Although blocks 402-442 of method 400A/400B have been described as being performed once, in some embodiments, multiple repetitions of a particular block may be employed before proceeding to the next decision block or process block. In addition, although blocks 402-442 of method 400A/400B have been separately illustrated and described, in some embodiments, process blocks may be combined and performed together (simultaneously or sequentially). Moreover, although FIGS. 4A-4B illustrate a particular order for blocks 402-442, embodiments of the disclosed subject matter are not limited thereto. Indeed, in certain embodiments, the blocks may occur in a different order than illustrated or simultaneously with other blocks. In some embodiments, method 400A/400B can include steps or other aspects not specifically illustrated in FIGS. 4A-4B. Alternatively or additionally, in some embodiments, method 400A/400B may comprise only some of blocks 402-442 of FIGS. 4A-4B.
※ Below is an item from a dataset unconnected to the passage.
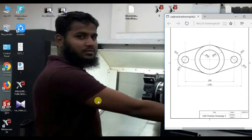Hi, welcome to SOLIDWORKS sketch tutorial. Today I will sketch this figure in SOLIDWORKS. Let's go.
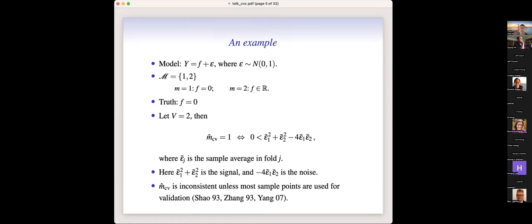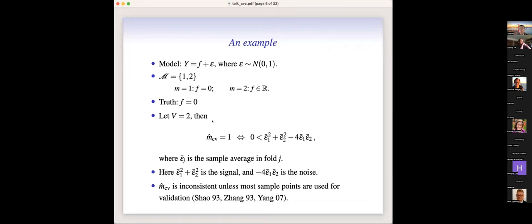Here is a very simple example — perhaps the simplest — illustrating the failure of cross-validation. We have a simple model: Y = F + epsilon, where F is not a function of X, just a constant. We have two theories: the first model says F is zero (a strong assumption), and the second says F is just some real value. Let's say the truth is the simpler one — F is indeed zero. We use two-fold cross-validation to see which model has the smaller empirical risk.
Computer Implementation Examples

FIG. 5 depicts a generalized example of a suitable computing environment 531 in which the described innovations may be implemented, such as but not limited to aspects of medical analysis module 104, intake module 106, client device 108, supervisor device 110, MAGI system 200, and/or method 400A/400B. The computing environment 531 is not intended to suggest any limitation as to scope of use or functionality, as the innovations may be implemented in diverse general-purpose or special-purpose computing systems. For example, the computing environment 531 can be any of a variety of computing devices (e.g., desktop computer, laptop computer, server computer, tablet computer, etc.).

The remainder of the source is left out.